The Editors of Writer’s Digest’s Creating Characters is a book full of the advice of various authors that I picked up to help with my own writing process, which tends to be sporadic at best, and one that I have flipped through often in search of any sort of idea that could help me. Unfortunately, I have not succeeded in writing a book yet – which is not the fault of this guide – but my time spent hunting through Creating Characters has left some impressions on me. Here are some sections – and the authors that wrote them – that helped me, or were at least memorable for whatever reason.
I feel a bit odd adding my opinion to the work of actual authors, so I feel the need to add that my contribution should be taken as part of a discussion and not as being automatically correct. Feel free to disagree with them.
Characters – Chuck Wendig
The character is important! It makes sense that this would be a significant feature, given that this is a book about characters, and if characters were not important, then the book wouldn’t matter. Perhaps this is a bit of self-advertising?
Anyway, I’ve always been a person who reads books based on its characters, but a part of me wonders whether other people prefer books with incredible plots where the characters don’t matter as much. I think of video games when I say this, where some games aren’t necessarily character-driven, but still appeal to players. (I have spent many long hours researching character-driven games, which is why this is the example that came to me, even if it doesn’t equate perfectly with books.)
So, really, I think it’s an issue of preference, but if you’re trying to appeal to readers of character-driven books, then you better develop your characters well or you will have problems. (Though since plots need characters to experience them, you cannot entirely differentiate between the two.)
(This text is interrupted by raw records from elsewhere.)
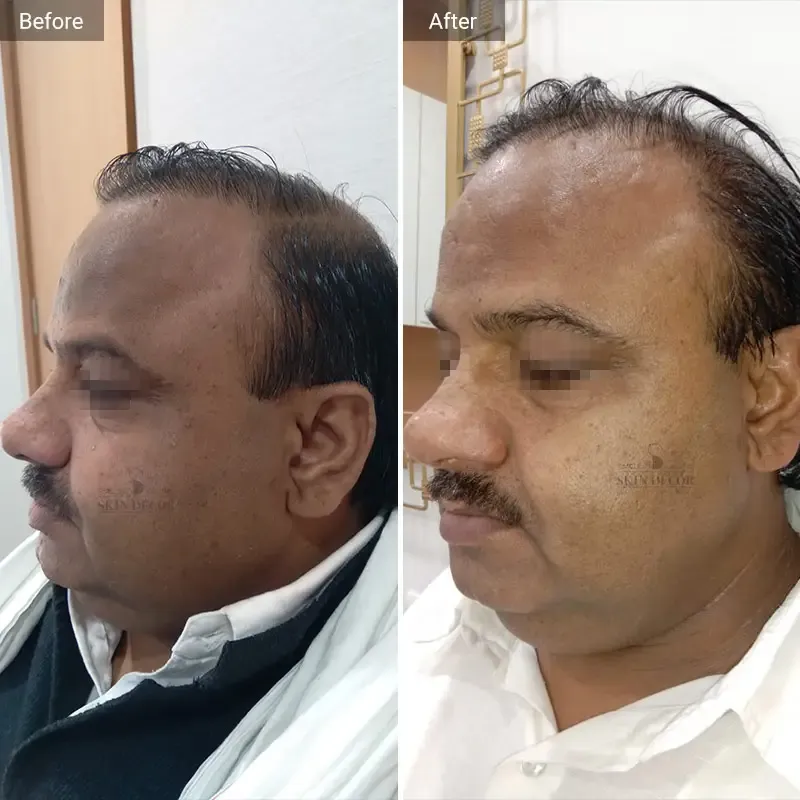 Face Rejuvenation Result #1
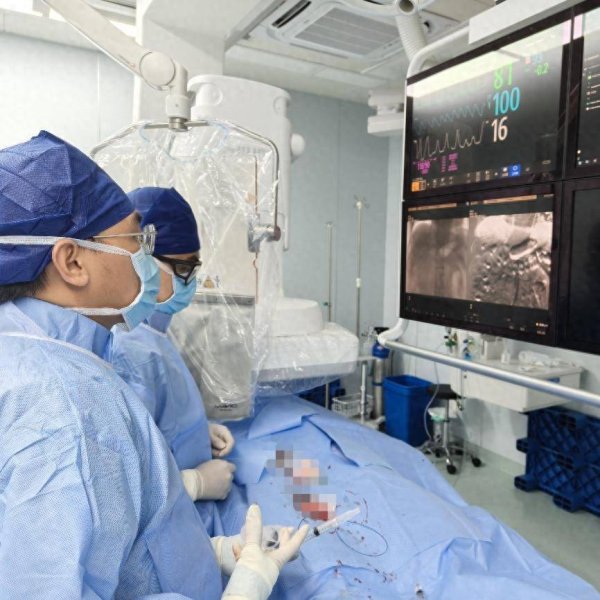 银河证券 碘造影剂过敏，如何做介入治疗？浙江省人民医院专家介绍新方法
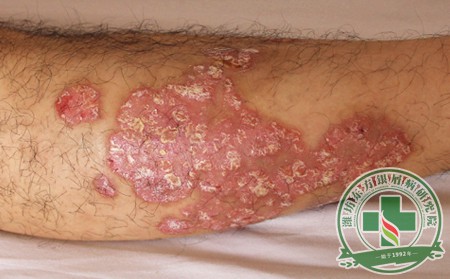 银屑病,脓疱型银屑病,症状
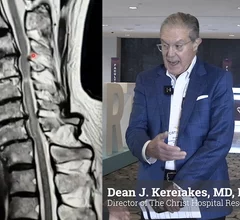 Dean Kereiakes, a nationally renowned interventional cardiologist and president of The Christ Hospital Heart and Vascular Institute, has long been recognized for his groundbreaking work in cardiovascular research and intervention. But in 2024, his career and his life were permanently altered when decades of wearing heavy lead protection in the cath lab left him paralyzed.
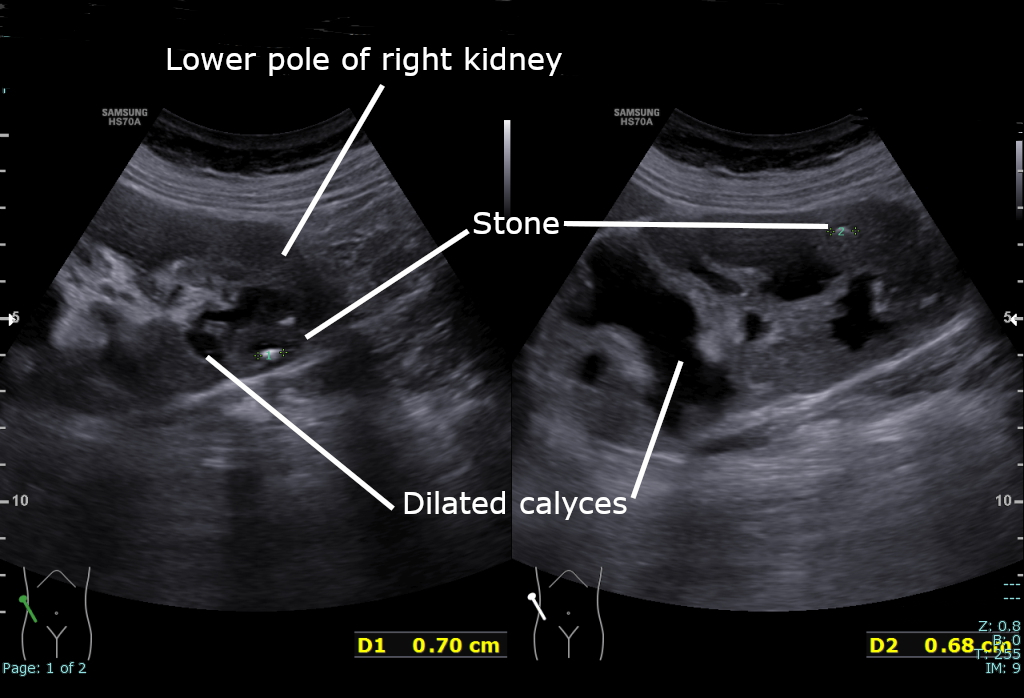 renal ultrasound scan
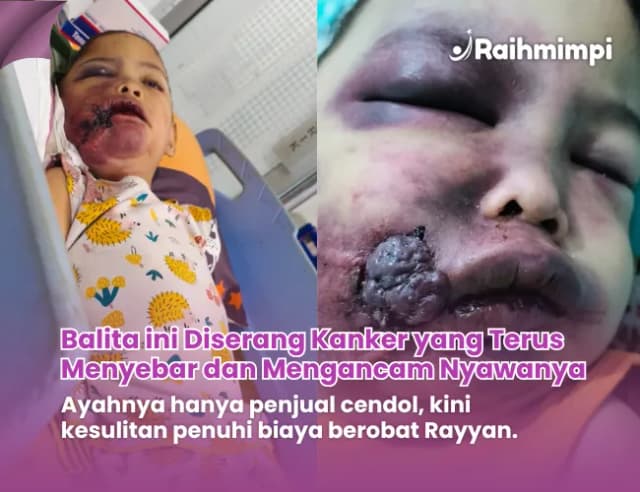 Rayyan anak penjual cendol Berjuang lawan Hemangioma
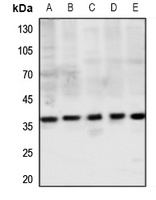 MAS1L Rabbit Polyclonal Antibody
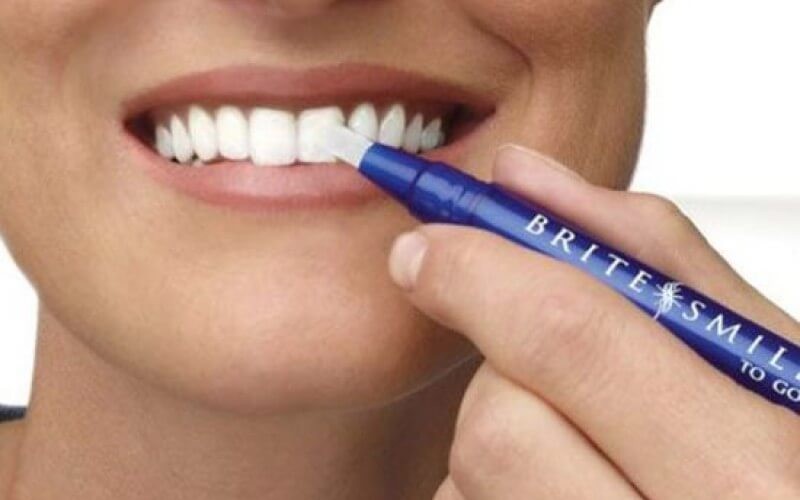 خصم 40% على تبييض الأسنان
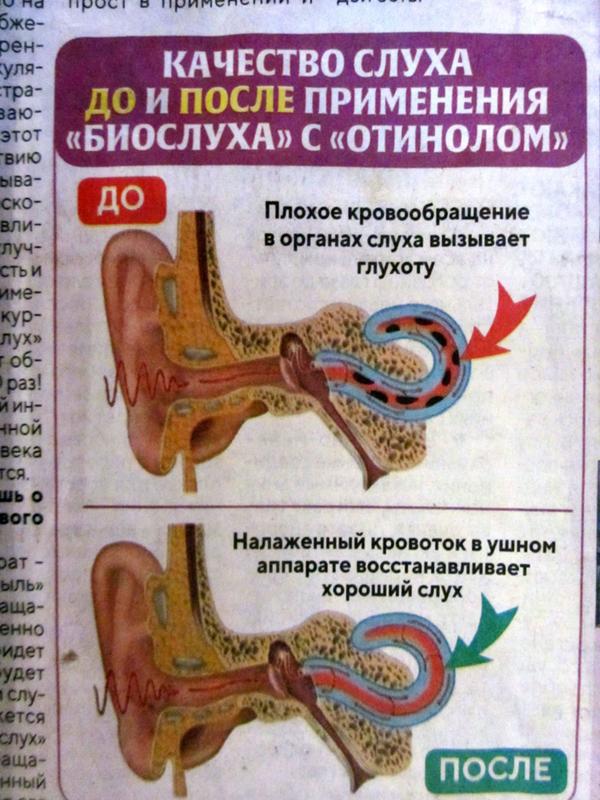 Ответы Mail: Как вам устройство уха из газеты "Секреты здоровья"? Капли ...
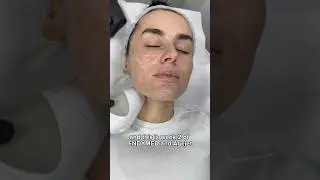Amber Davies' EndyMed Facial Tightening & AgeJet Second Session at Dr. MediSpa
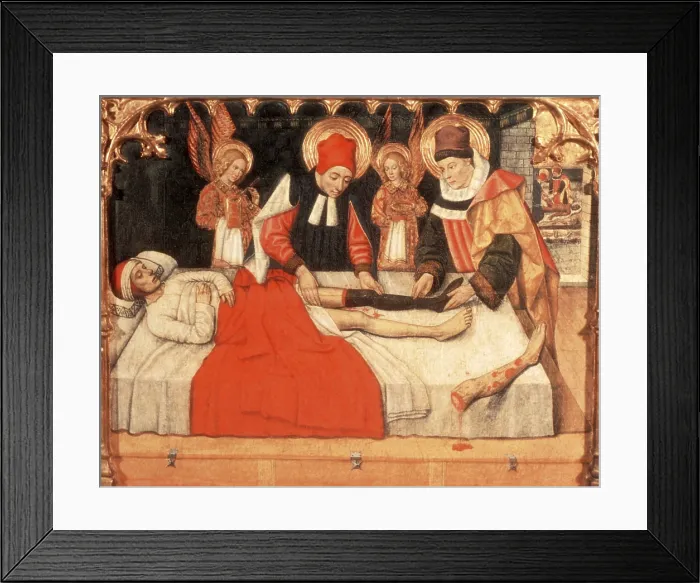 Framed Print : Grafting Leg, 4th Century AD Framed Print : Grafting Leg, 4th Century AD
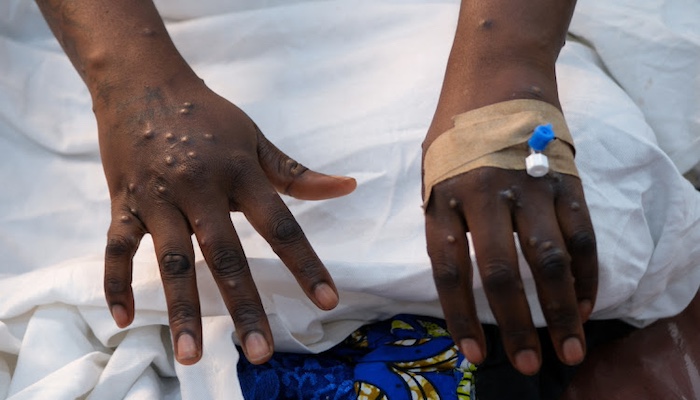 Ghana Health Service confirms 3 new fatalities from Mpox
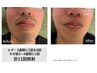 【男性】ひげ脱毛　30分　￥3,000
Character Likability – James Scott Bell
For some reason, the concept of character likability bothers me, even though I understand what it means. I would never want to read a book featuring an absolutely horrible protagonist; it would just be upsetting and painful. I think it bothers me because I dislike the idea of people telling me what type of characters I should write. Does likability mean that my characters can’t be queer, be people of color, be disabled, or anything that follow the white, cis, able-bodied male template. This isn’t what Creating Characters is saying at all, but I can’t help but worry about it. And is even possible for a character to be universally likable?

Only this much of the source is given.